Así, fue evidente y “natural” que Chile llegara a los penales con sensación de logro de un objetivo -secundario, pero objetivo al fin- y que Argentina lo sintiera como una frustración. De eso se trata cuando uno piensa en términos (inevitables pareciera, según la ideología imperante) de vida o muerte a partir del resultado. Casi lo diría en términos tragicómicos: el miedo a perder es más fuerte que la posibilidad de festejar el triunfo. En este sentido, el único ganador ha sido el miedo. El único adversario a derrotar -como siempre- es el miedo.

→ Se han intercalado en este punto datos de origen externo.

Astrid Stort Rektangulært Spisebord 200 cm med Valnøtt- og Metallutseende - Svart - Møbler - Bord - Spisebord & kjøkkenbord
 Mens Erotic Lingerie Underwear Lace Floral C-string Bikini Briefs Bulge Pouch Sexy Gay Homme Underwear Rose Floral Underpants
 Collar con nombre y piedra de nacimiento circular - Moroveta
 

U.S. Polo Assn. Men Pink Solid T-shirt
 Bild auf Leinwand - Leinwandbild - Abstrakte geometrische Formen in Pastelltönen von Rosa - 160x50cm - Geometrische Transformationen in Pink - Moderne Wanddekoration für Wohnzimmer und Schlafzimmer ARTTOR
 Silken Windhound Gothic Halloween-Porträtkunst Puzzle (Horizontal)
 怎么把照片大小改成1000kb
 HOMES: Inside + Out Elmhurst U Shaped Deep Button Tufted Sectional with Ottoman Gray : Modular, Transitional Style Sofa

Me refiero al miedo a perder, que es el que alimenta (funestamente) el miedo a jugar: es el miedo a perder el que inhibe la frescura y entorpece piernas y razonamientos. Y ese miedo no se cura con resultados (penal más, penal menos) sino con actitud y disposición más libres.

Es obvio que los que entran a la cancha con la camiseta (y ni hablar del que se pone la Diez) están en el agujero del embudo en el que se concentra toda la presión multiplicada del miedo y el recelo colectivo de una sociedad que ha comprado alegremente y está pagando cara (psicológica, sociológicamente) una ideología salvaje de la competencia. Y no es por ahí.

Por eso, sin martirologios ni facturas, con la consabida pena por no haber ganado, claro está –porque somos visceralmente futboleros y nos duele todo– tras este calco en diferido démosle por una vez una oportunidad a la serena reflexión, y apostemos por la posibilidad de jugar mejor, sin miedo.